Erythrocyte pyruvate kinase deficiency is inherited as an autosomal recessive disorder and mutations in the erythrocyte pyruvate kinase gene occur with a frequency of 1 in 10,000. The disorder is characterized by lifelong chronic hemolysis of variable severity. Red blood cells from heterozygous individuals possess only 40%–60% of the pyruvate kinase activity of normal individuals yet these individuals are almost always clinically normal.
The liver and red blood cell pyruvate kinase gene (symbol PKLR) is located on chromosome 1q21 spanning 9.5 kb and is composed of 13 exons that generate two alternatively spliced mRNAs. The liver (L-PK or PKL) and red blood cell forms (R-PK or PKR) of pyruvate kinase are encoded by the same gene with differences resulting from differential transcriptional initiation. The R-PK promoter is active exclusively in erythrocytes , whereas, the L-PK promoter is active in hepatocytes and pancreatic β-cells. Translation of the R-PK isoform begins in exon 1 of the PKLR gene and translation of the L-PK isoform begins in exon 2. The R-PK protein is 574 amino acids in length and the L-PK protein is 543 amino acids. The pyruvate kinase isoform, originally thought to be muscle specific, is encoded by a separate gene (symbol PKM) located on chromosome 15q22.2–q22.3 composed of 12 exons spanning 32 kb. The PKM gene encodes two different isoforms identified as PKM1 and PKM2 as a result of alternative splicing.
Numerous mutations (130 to date) have been identified in the PKLR gene resulting in erythrocyte PK deficiency with the vast majority of those mutations being single nucleotide changes. In persons of European descent over 50% of individuals with PK deficiency harbor a nucleotide change at position 1529 (encoding amino acid 510) that changes a G to an A residue. This mutation results in an Arg to Gln change in the protein and is identified as the R510Q mutation.
The clinical severity of the anemia resulting from PKLR deficiencies varies from mild and fully compensated hemolysis to severe cases that require transfusions for survival.

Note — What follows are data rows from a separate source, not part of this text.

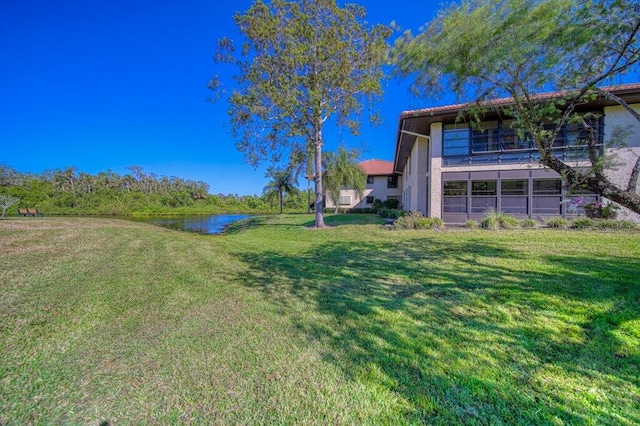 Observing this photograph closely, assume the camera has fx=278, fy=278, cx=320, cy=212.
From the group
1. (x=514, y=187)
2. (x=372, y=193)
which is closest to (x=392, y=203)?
(x=372, y=193)

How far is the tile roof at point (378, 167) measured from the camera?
33.1 m

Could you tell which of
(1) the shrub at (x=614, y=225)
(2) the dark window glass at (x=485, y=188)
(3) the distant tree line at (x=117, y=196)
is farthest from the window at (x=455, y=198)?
(3) the distant tree line at (x=117, y=196)

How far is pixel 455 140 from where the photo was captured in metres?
14.0

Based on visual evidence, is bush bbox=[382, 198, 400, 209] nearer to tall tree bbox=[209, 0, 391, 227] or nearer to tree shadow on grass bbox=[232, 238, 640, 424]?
tall tree bbox=[209, 0, 391, 227]

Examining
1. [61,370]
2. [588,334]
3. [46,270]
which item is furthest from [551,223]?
[46,270]

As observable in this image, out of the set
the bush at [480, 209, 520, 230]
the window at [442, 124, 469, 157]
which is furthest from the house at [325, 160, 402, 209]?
the bush at [480, 209, 520, 230]

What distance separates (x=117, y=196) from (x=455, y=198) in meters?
58.7

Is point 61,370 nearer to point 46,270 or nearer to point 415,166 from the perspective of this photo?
point 46,270

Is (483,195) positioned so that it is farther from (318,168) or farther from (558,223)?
(318,168)

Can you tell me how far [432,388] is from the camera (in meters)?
2.23

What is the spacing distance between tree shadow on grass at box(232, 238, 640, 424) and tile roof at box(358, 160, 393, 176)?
2724 cm

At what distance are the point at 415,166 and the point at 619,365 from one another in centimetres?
1556

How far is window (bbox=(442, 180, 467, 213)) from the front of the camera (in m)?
13.9

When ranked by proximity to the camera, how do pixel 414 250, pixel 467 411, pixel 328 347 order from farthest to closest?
pixel 414 250 < pixel 328 347 < pixel 467 411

In the most severe cases an affected fetus will die in utero. Most PKLR deficient patients are diagnosed in infancy or early childhood. Severely affected patients may require multiple transfusions or splenectomy. The requirement for transfusion in many infants will diminish during childhood or following splenectomy. There are many patients with mild PKLR deficiency who do not manifest symptoms until adulthood. In these individuals, the symptoms, that include mild to moderate splenomegaly, mild chronic hemolysis, and jaundice, often manifest incidental to an acute viral infection or during an evaluation in pregnancy.
Clinical evaluation of blood from patients with PKLR deficiency will show normocytic anemia (sometimes macrocytic) which is reflective of the reticulocytosis that is invariably present. When peripheral blood is stained by new methylene blue or brilliant cresyl blue, reticulocytes will be seen as cells containing a fine basophilic network. Reticulocytes are immature red blood cells that have lost their nuclei just prior to entering the circulation. In normal individuals reticulocytes comprise 0.5% to 1.7% of the total erythrocytes. An increase in the percentage of reticulocytes (reticulocytosis) is an important sign in any patient suffering anemia. In PKLR deficiency the level of reticulocytosis results in a reticulocyte level of 4% to 15%. In association with the reticulocytosis there is a reduction in hematocrit (packed cell volume) to around 17% to 37% where it ranges from 41% to 50% in normal individuals. Hemoglobin measurement also shows a decrease to 6–12g/dL where normal ranges from 12–16.5g/dL. Examination of bone marrow from PKLR deficient patients will show normoblastic erythroid hyperplasia.